The new Solarians

Yasutaro Mitsui and his
Yasutaro Mitsui and his “steel humanoid” circa 1932.

Coincidence, I guess. Midway through the last book of Asimov’s robot trilogy, I happened to download Steve Paulson’s  interview with Eric Klinenberg (7.7.13 broadcast: “The New Alone“).

I’ll get to Klinenberg in a moment.

The second book of the trilogy, Naked Sun, takes place several thousand years in the future on Solaria, one of 50 bucolic “outer worlds” that Earth-based explorers have colonized. Solaria has a population of only 20,000, a number strictly maintained for centuries, and each Solarian lives quite happily alone on a private estate hundreds or thousands of square miles in size. Highly specialized robot servants satisfy his or her every need.

Because the distances among the Solarians are so vast, they’ve grown unaccustomed to face-to-face contact. In fact, they loathe it. Holographic “trimensional viewers” enable them to lead rich social lives without ever being in the physical presence of other human beings. “Viewing” is commonplace, whereas “seeing” (sharing air space) occurs with great reluctance and only when all other options have been exhausted.

Asimov published his fictional account of Solarian society in 1957.

In 2013, NYU sociologist Eric Klinenberg published Going Solo: The Extraordinary Rise and Surprising Appeal of Living Alone.

According to Klinenberg, there were four million Americans living alone in 1950, which accounted for 9% of all American households. Today, 33 million Americans live alone, accounting for 28% of all American households. In urban areas, that figure is closer to 50%, the same percentage of Americans who are unmarried, up from 22% in 1950.

This “sea change,” as Klinenberg puts it, is being driven in large part by a rise in affluence. Sixty years ago, a much greater percentage of Americans lacked the financial wherewithal to shoulder household expenses without a partner.

NYU sociologist Erik Klinenberg sees a growing trend toward voluntary domestic solitude. Listen to his interview with Steve Paulson below (09:26).
NYU sociologist Erik Klinenberg sees a growing trend toward voluntary domestic solitude. Listen to his interview with Steve Paulson below (09:26).
Klinenberg interview clip

Increasingly therefore, solitude is a choice, not an expedient. Klinenberg reports that a significant number of the people he’s interviewed, when asked why they live alone, have told him they do so mainly because they can. Moreover, in nascent Solarian fashion, they tend to be heavy users of social media.

Jim Fleming’s interview with University of Toronto English professor Michael Cobb followed the Klinenberg segment. Cobb is the author of Single: Arguments for the Uncoupled, a book he wrote after getting fed up with the pervasive notion that living alone is a less than optimal state of being.

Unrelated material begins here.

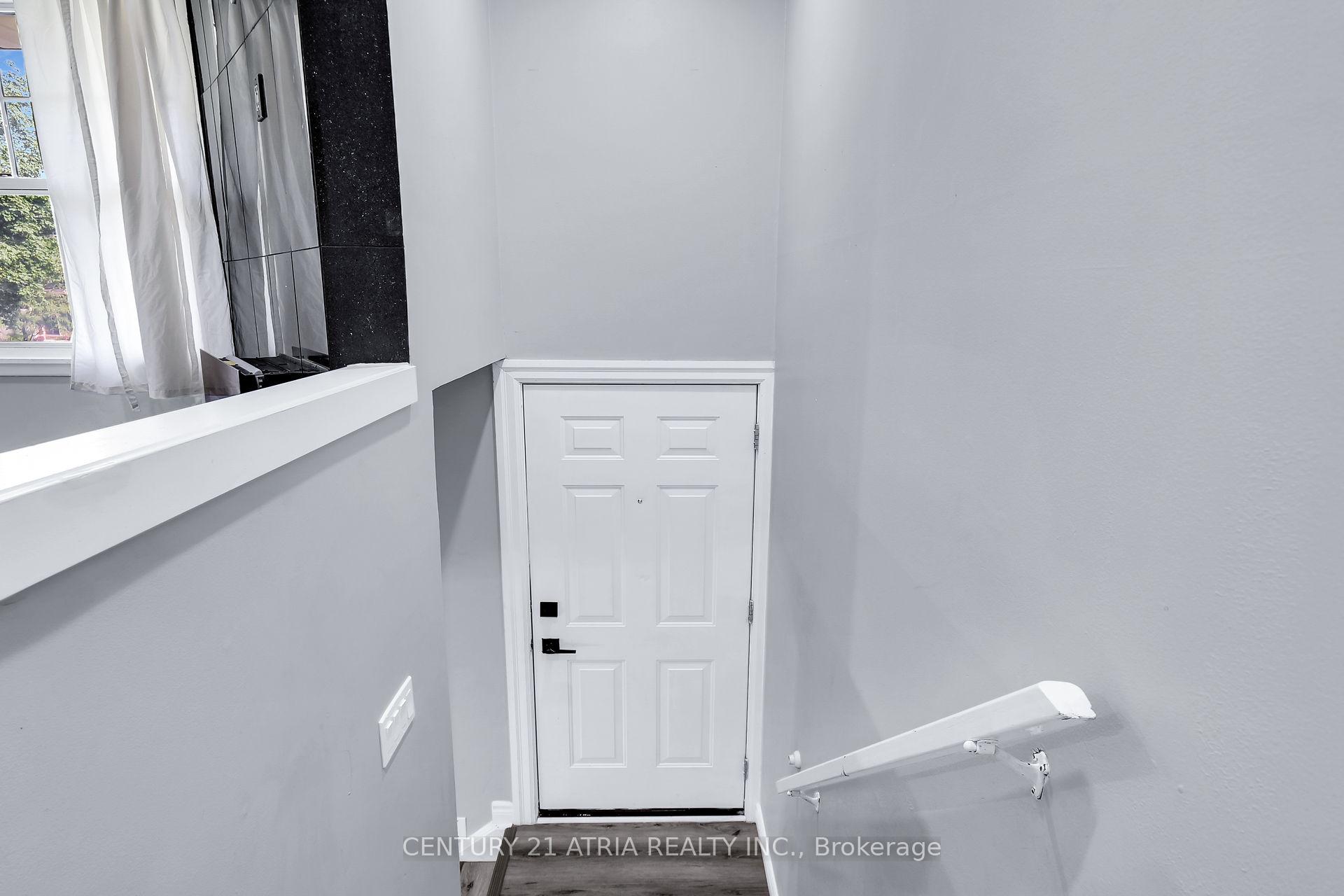 Photo 2 of 195 Ensign Drive, London, South O — HOMEH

It seems strange to me that we could be so instinctively social, so hard-wired to pair-bond and reproduce, yet not universally hard-wired to cohabitate as well. At the same time, however, my Facebook allergy notwithstanding, I’m a perfect example of the demographic that Klinenberg and Cobb describe.

After 46 years of uninterrupted cohabitation, 17 of them living in sin, I found myself living alone in 2006.  I’ve remained so ever since and, for the most part, I’m liking it.  According to Klinenberg, that makes me statistically normal, and according to Cobb (or my brief exposure to him, anyway), it makes me part of a movement.

Maybe then, if there’s any room left at the end of our ever-lengthening alternative lifestyle initialism, I’ll get to join the LGBTQIAS community some day soon. The “S” will stand for “Solarian”, of course.